Colorado is a drought disaster area. Much of the western state's water comes from rain and melting mountain snow. But this year, both snowpack and rainfall are at historic lows. In the national forests, the number of wildfires is at a record high, and firefighters are gearing up for more blazes to come. Cities are also bracing for the drought. Because 70 percent of summer water use goes to lawns, flowers, bushes and trees, cutting back on landscape watering has become a major priority. This has put more emphasis on Xeriscapes - a trademarked name for the technique of water conservation through creative landscaping.
The thunderclouds settling over Boulder seem heavy with water.
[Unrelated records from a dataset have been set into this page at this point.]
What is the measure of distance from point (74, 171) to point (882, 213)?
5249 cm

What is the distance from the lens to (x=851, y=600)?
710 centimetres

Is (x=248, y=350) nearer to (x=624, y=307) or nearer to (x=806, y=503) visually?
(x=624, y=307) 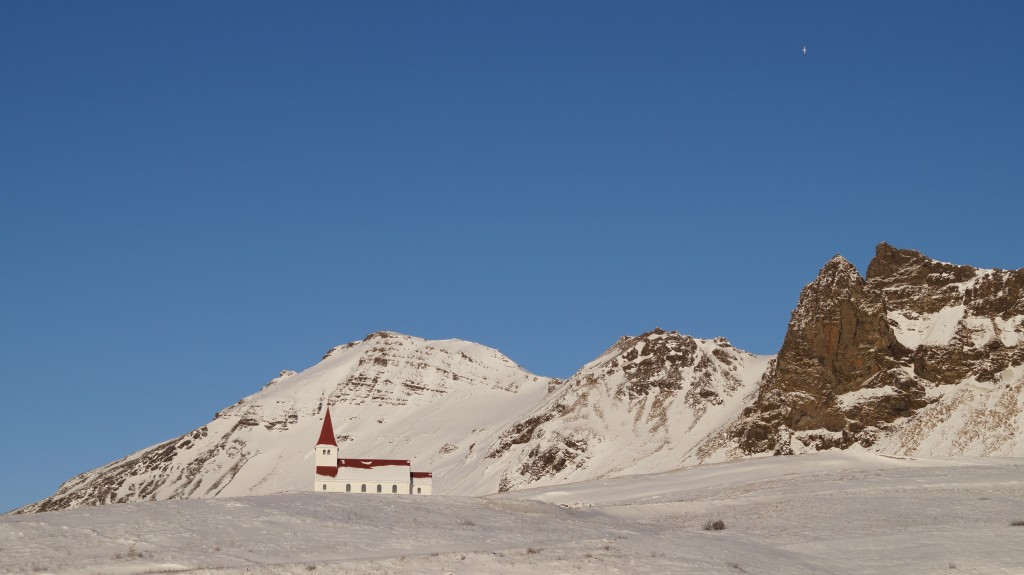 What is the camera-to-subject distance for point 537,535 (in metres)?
41.6

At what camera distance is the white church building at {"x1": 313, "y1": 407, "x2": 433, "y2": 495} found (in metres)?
107

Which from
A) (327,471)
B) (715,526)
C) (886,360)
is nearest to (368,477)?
(327,471)

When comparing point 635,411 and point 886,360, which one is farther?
point 635,411

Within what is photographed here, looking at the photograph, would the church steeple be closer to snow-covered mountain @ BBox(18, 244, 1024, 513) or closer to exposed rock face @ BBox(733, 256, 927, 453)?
snow-covered mountain @ BBox(18, 244, 1024, 513)

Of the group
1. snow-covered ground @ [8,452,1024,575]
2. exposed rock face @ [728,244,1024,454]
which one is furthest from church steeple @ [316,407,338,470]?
exposed rock face @ [728,244,1024,454]

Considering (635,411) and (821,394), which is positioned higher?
(635,411)

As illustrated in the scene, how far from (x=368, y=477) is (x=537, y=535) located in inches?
2686

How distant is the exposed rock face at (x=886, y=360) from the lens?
137 metres

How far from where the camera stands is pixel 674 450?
156625mm

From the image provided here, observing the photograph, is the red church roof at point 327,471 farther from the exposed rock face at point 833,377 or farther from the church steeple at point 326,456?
the exposed rock face at point 833,377

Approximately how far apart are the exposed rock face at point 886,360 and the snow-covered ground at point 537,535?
7849cm

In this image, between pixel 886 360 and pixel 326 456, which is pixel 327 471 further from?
pixel 886 360

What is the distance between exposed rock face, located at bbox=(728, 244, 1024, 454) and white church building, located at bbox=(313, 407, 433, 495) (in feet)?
165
But experienced gardeners know these clouds usually offer more rumble than rain. "When I hear thunder, I don't assume it's going to rain. Even if it's raining hard, it may only rain for five minutes, and that's not enough to water the plants at all," says Mikl Brawner, a professional Xeriscape gardener.
The landscapes he designs feature plants that use water wisely; here in Colorado, that means drought-resistant varieties. On average, Boulder receives only 43 centimeters of rainfall a year. Sunny skies and strong, hot winds add to the speed at which plants dry out. While many gardeners get around these harsh conditions by watering their lawns and flowerbeds daily, Mr. Brawner takes the opposite approach: If a flower or bush needs a lot of water, he doesn't plant it. And if a new addition proves to be a heavy drinker, he doesn't try to save it.
"A lot of plants that I planted that were not appropriate died. You know, some people thought I was very mean to not water them when I could see they were dying," he says. "But I had decided that for the purposes of demonstration for the community, that I would be a test garden and demonstrate for people what you could get, only watering five times a year."
In a small yard next to his garden shop, Mr. Brawner has been experimenting with Xeriscape plants for nearly 20 years. His demonstration garden is open to visitors, who can wander the winding pathways to enjoy its natural woodland look, with shrubs, groundcovers and trees.
The drought-tolerant pink roses, sky-blue columbine flowers and evergreens are watered only five times between June and September. While that may seem a meager amount of moisture, it's enough for those plants, as well as nubby-looking sedum groundcovers and the saucer-shaped leaves of lady's mantle. There's even an apple tree with the first blush of fruit. There's plenty of color and variety, but since plants that receive less water blossom less frequently, once spring rain gives way to summer sun, his garden contains few flowers.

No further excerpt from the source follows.